Brief descriptive captions
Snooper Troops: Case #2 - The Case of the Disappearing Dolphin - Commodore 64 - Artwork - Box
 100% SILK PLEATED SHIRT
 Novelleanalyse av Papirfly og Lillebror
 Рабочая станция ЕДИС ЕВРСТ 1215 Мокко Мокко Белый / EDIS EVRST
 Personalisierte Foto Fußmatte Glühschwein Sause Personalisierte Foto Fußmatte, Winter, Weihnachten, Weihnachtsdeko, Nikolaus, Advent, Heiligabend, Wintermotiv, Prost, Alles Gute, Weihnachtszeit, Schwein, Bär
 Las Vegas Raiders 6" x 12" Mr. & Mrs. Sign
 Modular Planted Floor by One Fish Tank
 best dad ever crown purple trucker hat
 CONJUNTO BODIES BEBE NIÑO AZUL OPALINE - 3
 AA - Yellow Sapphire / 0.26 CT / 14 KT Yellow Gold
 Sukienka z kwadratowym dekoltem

▶ [Exercise details] Reproduce each line, exactly as it appears, from the one that contains "Рабочая станция ЕДИС" through the last line of the records. Add no other lines.

▶ [Written solution]
 Рабочая станция ЕДИС ЕВРСТ 1215 Мокко Мокко Белый / EDIS EVRST
 Personalisierte Foto Fußmatte Glühschwein Sause Personalisierte Foto Fußmatte, Winter, Weihnachten, Weihnachtsdeko, Nikolaus, Advent, Heiligabend, Wintermotiv, Prost, Alles Gute, Weihnachtszeit, Schwein, Bär
 Las Vegas Raiders 6" x 12" Mr. & Mrs. Sign
 Modular Planted Floor by One Fish Tank
 best dad ever crown purple trucker hat
 CONJUNTO BODIES BEBE NIÑO AZUL OPALINE - 3
 AA - Yellow Sapphire / 0.26 CT / 14 KT Yellow Gold
 Sukienka z kwadratowym dekoltem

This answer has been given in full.